◆ THE TASK: Two lines in the data below mark the range: the one with "a view of walk in closet with empty racks" and the one with "Porträtt (bröstbild, halvprofil)". Return both, along with every line between them, exactly.

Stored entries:
▬▬▬

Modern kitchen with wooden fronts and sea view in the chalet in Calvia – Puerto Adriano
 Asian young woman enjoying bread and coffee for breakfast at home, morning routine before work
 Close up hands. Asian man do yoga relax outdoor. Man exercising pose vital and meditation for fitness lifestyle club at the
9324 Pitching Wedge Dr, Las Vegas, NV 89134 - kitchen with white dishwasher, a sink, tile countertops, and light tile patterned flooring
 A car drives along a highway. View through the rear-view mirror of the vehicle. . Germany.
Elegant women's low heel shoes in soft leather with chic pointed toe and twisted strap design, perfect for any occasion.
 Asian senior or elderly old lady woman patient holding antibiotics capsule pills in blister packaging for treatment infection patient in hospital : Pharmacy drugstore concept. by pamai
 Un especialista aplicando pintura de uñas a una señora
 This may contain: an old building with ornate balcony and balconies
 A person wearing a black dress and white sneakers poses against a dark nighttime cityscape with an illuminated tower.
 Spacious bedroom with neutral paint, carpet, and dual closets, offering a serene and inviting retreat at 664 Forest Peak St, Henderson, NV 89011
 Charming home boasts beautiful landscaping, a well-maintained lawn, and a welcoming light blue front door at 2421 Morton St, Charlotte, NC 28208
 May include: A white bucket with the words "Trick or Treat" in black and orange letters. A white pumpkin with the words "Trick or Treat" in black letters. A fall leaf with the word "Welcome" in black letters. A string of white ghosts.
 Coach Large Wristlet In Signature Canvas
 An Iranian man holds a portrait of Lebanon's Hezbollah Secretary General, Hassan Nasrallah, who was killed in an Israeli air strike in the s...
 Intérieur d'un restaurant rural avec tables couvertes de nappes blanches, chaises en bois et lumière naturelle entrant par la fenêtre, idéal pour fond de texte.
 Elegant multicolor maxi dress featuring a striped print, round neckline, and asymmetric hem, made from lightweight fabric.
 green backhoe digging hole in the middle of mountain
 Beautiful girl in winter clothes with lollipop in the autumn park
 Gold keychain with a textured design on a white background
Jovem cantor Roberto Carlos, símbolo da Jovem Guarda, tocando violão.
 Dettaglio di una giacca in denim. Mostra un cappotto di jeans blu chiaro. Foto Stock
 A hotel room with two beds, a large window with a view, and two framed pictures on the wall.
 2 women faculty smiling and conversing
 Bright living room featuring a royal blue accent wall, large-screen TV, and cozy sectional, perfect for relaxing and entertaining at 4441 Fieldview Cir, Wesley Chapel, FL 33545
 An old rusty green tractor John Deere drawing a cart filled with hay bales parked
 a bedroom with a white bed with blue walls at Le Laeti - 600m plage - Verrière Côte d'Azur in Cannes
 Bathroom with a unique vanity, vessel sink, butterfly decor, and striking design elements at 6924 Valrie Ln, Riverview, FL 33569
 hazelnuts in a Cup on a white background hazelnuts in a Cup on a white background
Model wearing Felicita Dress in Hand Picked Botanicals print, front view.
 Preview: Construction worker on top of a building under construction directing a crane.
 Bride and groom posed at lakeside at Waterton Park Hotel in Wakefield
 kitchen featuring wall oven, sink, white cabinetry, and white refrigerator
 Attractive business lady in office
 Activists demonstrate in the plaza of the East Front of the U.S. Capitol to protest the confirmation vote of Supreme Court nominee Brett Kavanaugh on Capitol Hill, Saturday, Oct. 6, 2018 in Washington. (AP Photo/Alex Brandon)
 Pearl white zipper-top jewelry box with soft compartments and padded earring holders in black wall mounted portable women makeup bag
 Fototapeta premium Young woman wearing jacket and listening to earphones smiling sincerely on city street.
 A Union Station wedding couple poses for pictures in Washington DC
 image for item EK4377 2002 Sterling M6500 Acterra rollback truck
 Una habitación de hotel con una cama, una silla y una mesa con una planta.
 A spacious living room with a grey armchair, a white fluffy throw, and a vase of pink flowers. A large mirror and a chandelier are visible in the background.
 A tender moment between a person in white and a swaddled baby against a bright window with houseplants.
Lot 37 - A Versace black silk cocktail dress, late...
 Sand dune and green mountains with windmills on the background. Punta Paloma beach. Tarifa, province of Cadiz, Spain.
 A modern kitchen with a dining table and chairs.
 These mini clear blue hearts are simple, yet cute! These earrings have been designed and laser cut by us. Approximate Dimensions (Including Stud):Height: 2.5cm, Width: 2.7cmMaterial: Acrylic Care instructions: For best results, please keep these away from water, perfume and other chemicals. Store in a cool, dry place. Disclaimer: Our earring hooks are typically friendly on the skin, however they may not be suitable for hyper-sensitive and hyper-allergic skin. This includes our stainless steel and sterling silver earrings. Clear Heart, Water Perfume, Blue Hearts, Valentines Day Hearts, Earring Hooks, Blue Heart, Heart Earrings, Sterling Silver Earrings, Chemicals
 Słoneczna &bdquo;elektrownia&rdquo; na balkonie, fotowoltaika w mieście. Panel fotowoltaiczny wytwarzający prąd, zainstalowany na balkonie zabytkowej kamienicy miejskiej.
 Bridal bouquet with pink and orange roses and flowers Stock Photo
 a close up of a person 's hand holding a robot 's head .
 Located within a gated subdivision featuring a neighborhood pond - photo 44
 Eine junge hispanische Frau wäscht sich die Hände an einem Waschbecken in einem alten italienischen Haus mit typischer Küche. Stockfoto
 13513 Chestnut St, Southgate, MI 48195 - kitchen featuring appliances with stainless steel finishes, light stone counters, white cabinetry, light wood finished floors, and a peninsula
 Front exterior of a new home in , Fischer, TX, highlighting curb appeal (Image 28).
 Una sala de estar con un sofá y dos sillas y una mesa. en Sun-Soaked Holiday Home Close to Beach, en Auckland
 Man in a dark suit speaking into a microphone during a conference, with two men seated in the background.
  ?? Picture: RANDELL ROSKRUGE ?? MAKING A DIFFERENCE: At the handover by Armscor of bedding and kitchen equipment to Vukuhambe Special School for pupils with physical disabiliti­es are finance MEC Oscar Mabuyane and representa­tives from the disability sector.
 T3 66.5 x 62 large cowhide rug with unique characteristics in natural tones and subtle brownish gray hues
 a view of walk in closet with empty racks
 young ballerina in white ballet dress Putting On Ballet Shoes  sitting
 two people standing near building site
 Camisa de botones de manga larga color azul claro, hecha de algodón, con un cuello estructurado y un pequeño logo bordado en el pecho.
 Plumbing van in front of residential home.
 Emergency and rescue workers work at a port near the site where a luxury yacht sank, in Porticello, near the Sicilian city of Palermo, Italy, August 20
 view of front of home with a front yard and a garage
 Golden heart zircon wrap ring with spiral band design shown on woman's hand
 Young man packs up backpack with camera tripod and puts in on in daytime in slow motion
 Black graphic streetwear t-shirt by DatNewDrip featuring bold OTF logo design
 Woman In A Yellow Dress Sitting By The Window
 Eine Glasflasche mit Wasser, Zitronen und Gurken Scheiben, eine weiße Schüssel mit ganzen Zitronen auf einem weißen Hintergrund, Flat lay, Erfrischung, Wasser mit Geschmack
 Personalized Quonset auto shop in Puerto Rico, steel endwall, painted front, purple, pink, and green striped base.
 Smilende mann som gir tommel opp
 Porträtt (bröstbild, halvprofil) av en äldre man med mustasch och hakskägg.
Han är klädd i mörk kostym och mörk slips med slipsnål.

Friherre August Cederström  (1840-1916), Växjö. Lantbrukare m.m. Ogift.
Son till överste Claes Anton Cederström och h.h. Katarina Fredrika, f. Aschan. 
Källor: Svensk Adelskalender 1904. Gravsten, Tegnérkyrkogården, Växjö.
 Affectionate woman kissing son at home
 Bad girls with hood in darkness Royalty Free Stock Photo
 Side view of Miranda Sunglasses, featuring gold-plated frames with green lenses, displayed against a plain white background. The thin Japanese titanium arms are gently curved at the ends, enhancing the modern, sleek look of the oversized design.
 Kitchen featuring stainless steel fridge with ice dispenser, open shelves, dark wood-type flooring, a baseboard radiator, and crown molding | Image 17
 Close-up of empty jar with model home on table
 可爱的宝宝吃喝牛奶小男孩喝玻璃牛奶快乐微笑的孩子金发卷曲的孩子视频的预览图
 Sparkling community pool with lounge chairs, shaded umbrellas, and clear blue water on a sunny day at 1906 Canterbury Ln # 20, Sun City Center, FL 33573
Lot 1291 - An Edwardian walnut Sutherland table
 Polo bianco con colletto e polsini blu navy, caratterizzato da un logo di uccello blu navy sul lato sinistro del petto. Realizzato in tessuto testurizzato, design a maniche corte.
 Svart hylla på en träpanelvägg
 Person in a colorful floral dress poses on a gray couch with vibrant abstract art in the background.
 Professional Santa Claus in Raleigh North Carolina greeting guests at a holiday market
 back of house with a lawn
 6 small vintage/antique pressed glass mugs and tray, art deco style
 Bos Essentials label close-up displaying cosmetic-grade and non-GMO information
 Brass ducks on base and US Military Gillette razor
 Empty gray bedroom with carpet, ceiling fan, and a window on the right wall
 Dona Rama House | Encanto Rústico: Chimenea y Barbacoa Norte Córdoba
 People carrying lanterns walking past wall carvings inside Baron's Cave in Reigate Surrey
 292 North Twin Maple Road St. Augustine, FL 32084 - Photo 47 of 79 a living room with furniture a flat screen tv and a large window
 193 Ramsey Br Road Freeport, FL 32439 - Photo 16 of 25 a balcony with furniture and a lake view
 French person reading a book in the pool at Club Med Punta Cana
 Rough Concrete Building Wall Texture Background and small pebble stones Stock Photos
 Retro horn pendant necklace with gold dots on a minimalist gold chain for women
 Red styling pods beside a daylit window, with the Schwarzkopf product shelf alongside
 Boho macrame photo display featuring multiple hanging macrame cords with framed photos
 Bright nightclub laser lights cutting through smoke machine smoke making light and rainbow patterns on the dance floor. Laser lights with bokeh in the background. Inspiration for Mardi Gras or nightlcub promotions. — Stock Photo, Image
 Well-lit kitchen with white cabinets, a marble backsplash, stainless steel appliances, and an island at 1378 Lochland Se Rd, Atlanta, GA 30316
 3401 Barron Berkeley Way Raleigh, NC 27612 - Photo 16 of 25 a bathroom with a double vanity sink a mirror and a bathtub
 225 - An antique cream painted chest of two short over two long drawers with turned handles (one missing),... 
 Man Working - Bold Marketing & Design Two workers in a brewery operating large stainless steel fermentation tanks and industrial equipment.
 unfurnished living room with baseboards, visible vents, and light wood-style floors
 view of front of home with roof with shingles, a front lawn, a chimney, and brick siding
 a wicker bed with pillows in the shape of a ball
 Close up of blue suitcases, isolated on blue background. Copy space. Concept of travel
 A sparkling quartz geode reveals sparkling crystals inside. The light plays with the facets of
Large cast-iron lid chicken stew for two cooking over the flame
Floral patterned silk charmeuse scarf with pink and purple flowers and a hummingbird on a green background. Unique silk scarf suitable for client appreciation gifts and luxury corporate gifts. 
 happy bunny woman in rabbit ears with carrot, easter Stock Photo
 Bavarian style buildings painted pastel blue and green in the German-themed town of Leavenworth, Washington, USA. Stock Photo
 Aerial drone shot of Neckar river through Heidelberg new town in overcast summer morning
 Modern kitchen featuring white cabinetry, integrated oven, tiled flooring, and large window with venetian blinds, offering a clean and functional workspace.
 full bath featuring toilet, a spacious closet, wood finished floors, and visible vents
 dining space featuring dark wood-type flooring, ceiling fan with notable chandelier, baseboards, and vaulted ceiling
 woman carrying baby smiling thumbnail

▬▬▬

◆ TASK SOLUTION:
 a view of walk in closet with empty racks
 young ballerina in white ballet dress Putting On Ballet Shoes  sitting
 two people standing near building site
 Camisa de botones de manga larga color azul claro, hecha de algodón, con un cuello estructurado y un pequeño logo bordado en el pecho.
 Plumbing van in front of residential home.
 Emergency and rescue workers work at a port near the site where a luxury yacht sank, in Porticello, near the Sicilian city of Palermo, Italy, August 20
 view of front of home with a front yard and a garage
 Golden heart zircon wrap ring with spiral band design shown on woman's hand
 Young man packs up backpack with camera tripod and puts in on in daytime in slow motion
 Black graphic streetwear t-shirt by DatNewDrip featuring bold OTF logo design
 Woman In A Yellow Dress Sitting By The Window
 Eine Glasflasche mit Wasser, Zitronen und Gurken Scheiben, eine weiße Schüssel mit ganzen Zitronen auf einem weißen Hintergrund, Flat lay, Erfrischung, Wasser mit Geschmack
 Personalized Quonset auto shop in Puerto Rico, steel endwall, painted front, purple, pink, and green striped base.
 Smilende mann som gir tommel opp
 Porträtt (bröstbild, halvprofil) av en äldre man med mustasch och hakskägg.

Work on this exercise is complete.